Single by Ana Gabriel

from the album Quién como tú
- Released: January 29, 1990
- Recorded: 1989
- Genre: Latin pop · Latin ballad
- Length: 3:34
- Label: Discos CBS International
- Songwriter: Ana Gabriel
- Producer: Óscar Gómez

Ana Gabriel singles chronology
| "Hice Bien Quererte" (1989) | "Quién Como Tú" (1990) | "Ni Un Roce (Nem Um Toque)" (1990) |

= Quién Como Tú (song) =

"Quién Como Tú" (English: Who Like You) is a ballad and title track written and performed by Mexican singer-songwriter Ana Gabriel. It was produced by Óscar Gómez for Gabriel's fifth studio album Quién como tú (1989). Released as the second single from the album, the song became the third number-one single for the singer in the Billboard Top Latin Songs chart in May of the same year. Live performances of the song can be found on the albums En Vivo (1990) and ...En la Plaza de Toros México (1998).

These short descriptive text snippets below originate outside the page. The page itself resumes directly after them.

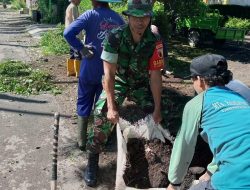 Wujud Nyata Kemanunggalan, Babinsa Serda Alamudin Karya Bakti Bersama Warga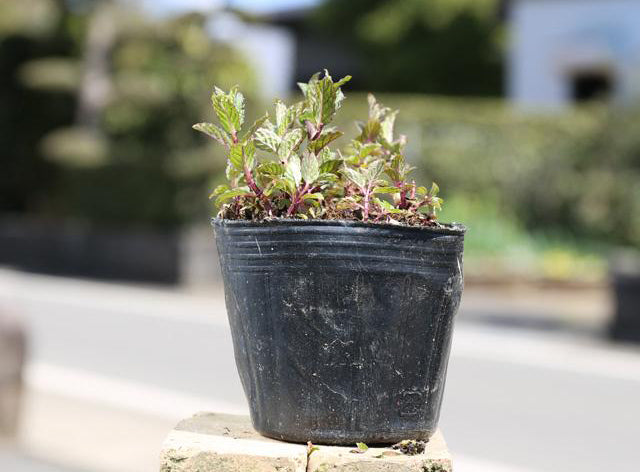 ペパーミント(10potセット)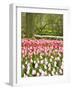 Netherlands. Forest and flowers in the Keukenhof Gardens-Terry Eggers-Framed Photographic Print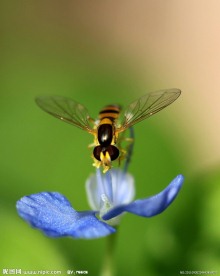 食蚜蝇
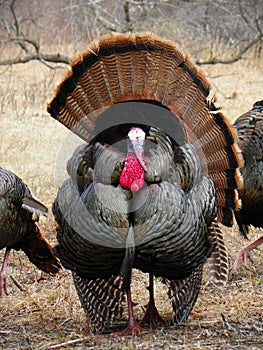 Wild male tom turkey strutting about during spring mating season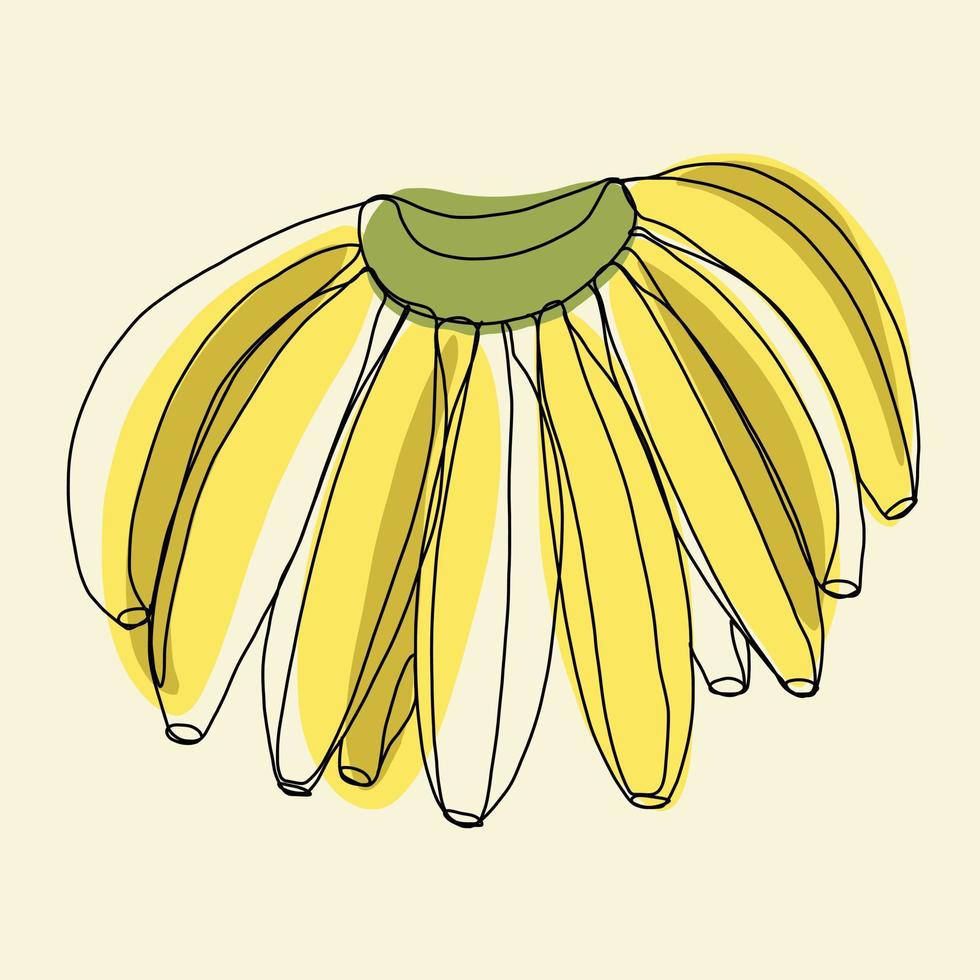 diseño plano de dibujo de línea continua a mano alzada de fruta de plátano simple. vector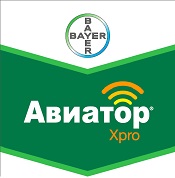 Авиатор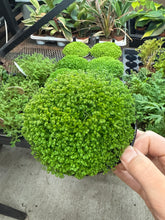 Load image into Gallery viewer, Selaginella sp. 4&quot; - Spikemoss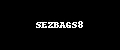 SEZBAGS8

It also has been included on several compilation albums released by Gabriel, including Personalidad (1992), Una Voz Para tu Corazón – 30 Grandes Éxitos (2000), Historia de Una Reina (2005), Lo Esencial de Ana Gabriel (2009) and Mis Favoritas (2010). It is recognized as one of Ana Gabriel's signature songs.

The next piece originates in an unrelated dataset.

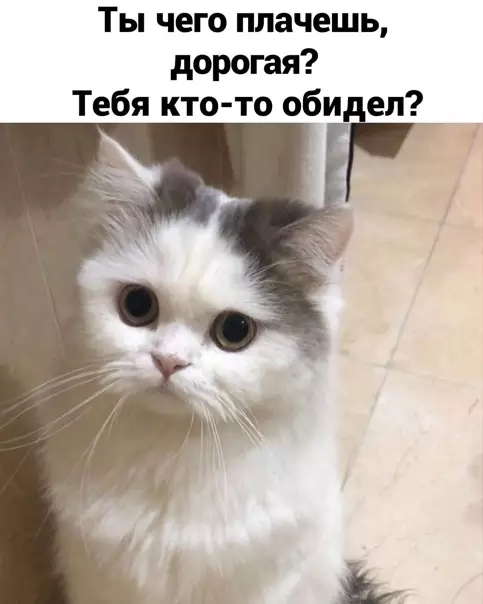 Смешная картинка №552610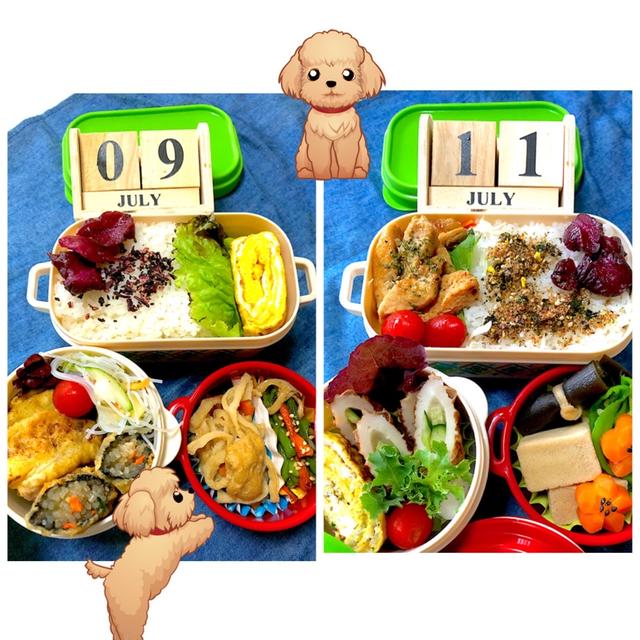先日と昨日のお弁当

The song debuted on the Billboard Top Latin Songs chart (formerly Hot Latin Tracks) at number 33 on April 7, 1990 and rose to the top ten the following week, climbing 28 spots. It reached the top position of the chart on May 5, 1990, replacing French band Gipsy Kings' "Volaré" and being succeeded by "El Cariño Es Como Una Flor" by Rudy La Scala. It ranked sixth at the year-end chart of 1990 and was nominated for Pop Song of the Year at the 1991 Lo Nuestro Awards, which it lost to "Es Demasiado Tarde", also written and performed by Gabriel. The song spent 22 weeks within the Top 40 and became the sixth top ten single for the singer in the chart, and third number-one hit, after "Ay Amor" (1987) and "Simplemente Amigos" (1988). The parent album peaked at the top of the Billboard Latin Pop Albums chart.

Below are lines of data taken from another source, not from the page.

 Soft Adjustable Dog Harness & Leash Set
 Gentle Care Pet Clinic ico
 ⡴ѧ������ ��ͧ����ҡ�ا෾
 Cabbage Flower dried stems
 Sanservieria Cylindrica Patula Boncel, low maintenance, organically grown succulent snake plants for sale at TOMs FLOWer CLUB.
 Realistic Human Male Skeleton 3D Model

"Quién Como Tú" has been covered by several performers, including Patricia Manterola, José Alberto "El Canario", Oscar Alberto, Los Flamers, Grupo Caneo, Grupo Innovación, Hermanos Moreno, Original Banda el Limón, Yolanda Pérez, Son De Azúcar, Sonora Tropicana, Myriam and Noel Schajris. In 2015, Mexican singer Lucero released a version of the track as the lead single from the album Aquí Estoy, a tribute to Ana Gabriel. For the single release, Lucero re-recorded the track with Puerto Rican-American singer-songwriter Luis Fonsi and debuted the song at the reality show Yo Soy el Artista. This version peaked at number 32 in the Billboard Mexican Espanol Airplay chart.

==Certifications==

| Region | Certification | Certified units/sales |
| Mexico (AMPROFON) | Diamond+3× Platinum | 480,000^{‡} |
^{‡} Sales+streaming figures based on certification alone.